Restructure L3 Agent

https://blueprints.launchpad.net/neutron/+spec/restructure-l3-agent

Author:

Carl Baldwin <carl.baldwin@hp.com>

The L3 agent is implemented mostly in a single python file. At current count, this file is just over 2,000 lines of code [1]. Most of the functionality is provided by the L3NATAgent class which comprises about 75% of the file. This class handles everything from handling RPC messages down to sending gratuitous arp for newly added addresses on the interfaces inside the routers’ namespaces. This structure makes the agent very difficult to extend and modify. This is a bit of technical debt. Paying it down will help enable the development of new functionality.

Problem Description

As mentioned in the introductory paragraph, the L3 agent has gotten out of hand. The structure of this code has made it difficult to extend and develop new features. Following is a list of responsibilities taken care of in the l3_agent.py file and mostly in the L3NATAgent class within that file.

  • Defines the L3PluginApi

  • Manages link local addresses for the DVR fip namespace

  • Defines the RouterInfo, basically a big struct of data about a router

  • Handles router update messages from RPC in a queue

  • Handles periodic synchronization of all routers

  • L3NATAgent

    • Manages namespace lifecycle

    • Handles router addition removal

    • Runs metadata proxy in each router

    • Very large method called process_router

      • snat_rules, dnat_rules

      • floating_ip_address

      • external gateway

      • internal network interfaces

      • ipv6 support

      • cleanup of stale interfaces

      • static routes

      • HA router keepalive

    • DVR routers

      • rtr_2_fip

      • dvr floating ips

      • snat namespace handling

      • arp entries

    • routes_updated

    • _process_routers_loop

    • _sync_routers

    • gratuitous arp

  • L3NATAgentWithStateReport

Code for DVR and HA routers is mingled throughout. There is a lot of “if router[‘distributed’]” this and “if ri.is_ha” that.

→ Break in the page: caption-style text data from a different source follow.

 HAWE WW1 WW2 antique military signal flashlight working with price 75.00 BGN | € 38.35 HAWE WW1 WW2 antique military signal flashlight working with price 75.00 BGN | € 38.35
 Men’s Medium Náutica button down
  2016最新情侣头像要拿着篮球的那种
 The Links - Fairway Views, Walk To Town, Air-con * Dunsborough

There is no clear strategy for resource life-cycle management of resources like namespaces and devices. Most of it has evolved over time as problems with the initial implementation have been found. Such problems are usually around them not being deleted when they should be gone.

Proposed Change

Overview

This will not be a rewrite of the L3 agent from scratch. Starting this project as a Herculean effort designed to land as a single patch is a sure recipe for failure. Much of this work will be pure refactoring but not all of it. Work will be posted for review early and often. Dependencies between patches will be avoided when possible. Each patch will stand on its own as a reasonably reviewable improvement to the existing code base.

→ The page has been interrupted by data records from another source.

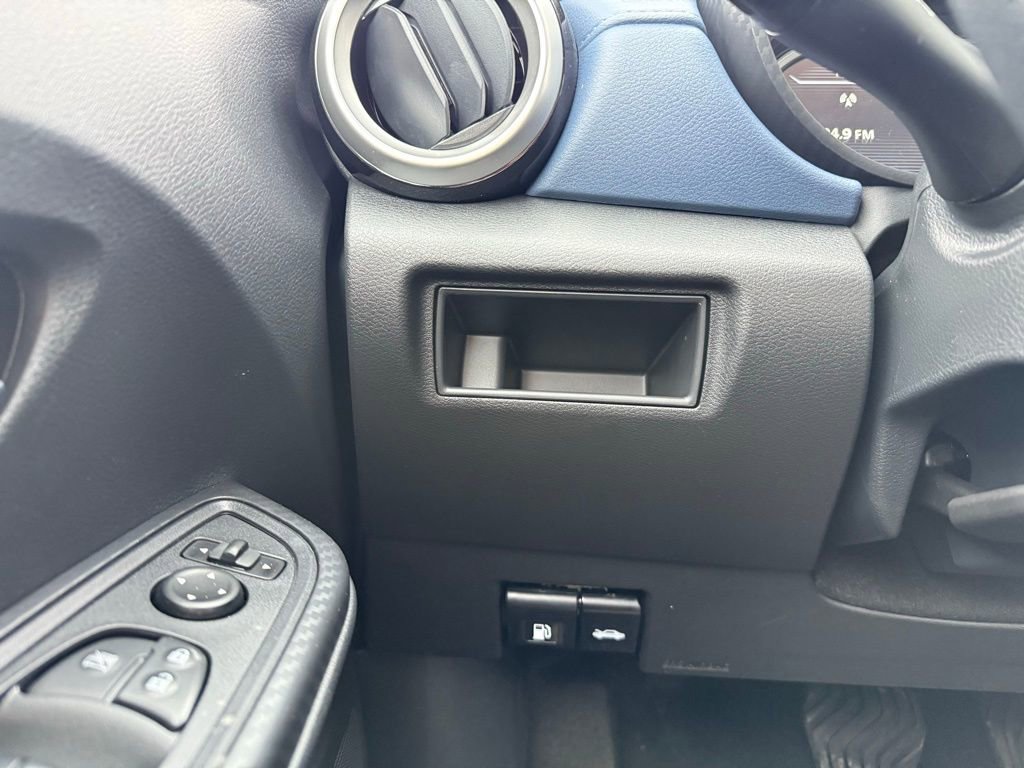 New 2025 Nissan Versa SV image 30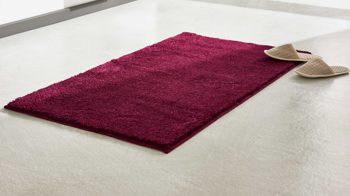 Badematte / Badeteppich Interliving aus Kunstfaser in Dunkelrot Interliving Badteppich Serie 9112 Beere - ca. 65 x 115 cm
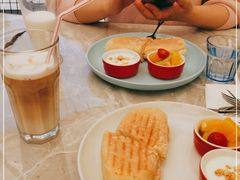-必胜客(瑞虹店)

Proper separation of concerns is a goal however, this will be done in steps. We’ll start with the high level separation of the router abstraction from the L3 agent.

L3 Agent

The L3 agent will be responsible for listening for updates from RPC, queuing the updates for processing by a worker. It will continue to oversee the set of routers which are managed by the agent. If namespaces are enabled, this could be a large set of routers. If namespaces are not enabled, this will be a single router. (_process_routers, _sync_routers, routes_updated, _router_added/removed)

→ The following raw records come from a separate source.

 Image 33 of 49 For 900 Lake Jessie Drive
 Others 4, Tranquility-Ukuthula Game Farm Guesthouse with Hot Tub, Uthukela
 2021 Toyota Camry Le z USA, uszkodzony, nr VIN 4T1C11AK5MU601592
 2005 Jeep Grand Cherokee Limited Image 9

The agent will still manage external networks available to routers on the agent.

The L3PluginApi class will remain as it is in l3_agent.py.

The agent will retain the L3NATAgentWithStateReport capability.

Router

A new router class will be introduced. A lot of functionality currently handled by the L3 agent – especially the functionality in the process_routers method – will be encapsulated by this new class. The current RouterInfo class will move under this abstraction. This class will obsolete and replace the RouterInfo class.

The router class will be more than just a struct with data about the router. It will be a full-fledged class that is capable of handling the implementation of the router. It needs a clear and uncomplicated python API defined.

As of the Juno release, there are three kinds of routers available. These are distributed, highly available, and legacy routers. A new router class hierarchy will be added to encapsulate the details of each available type of router. The appropriate class will be loaded when the router instance is first created.

Kilo or beyond will see the addition of a fourth type of router which combines DVR and HA routers. Adding this fourth type is out of the scope of this blueprint. However, adding this new type of router should be relatively easy after this blueprint has been completed by creating a new class type which combines the functions of the separate base classes. This new classes should be written in a way which efficiently makes use of the existing code in the two base classes. Any additional complexity in this module should only exist to work out any coordination which needs to happen between the two classes.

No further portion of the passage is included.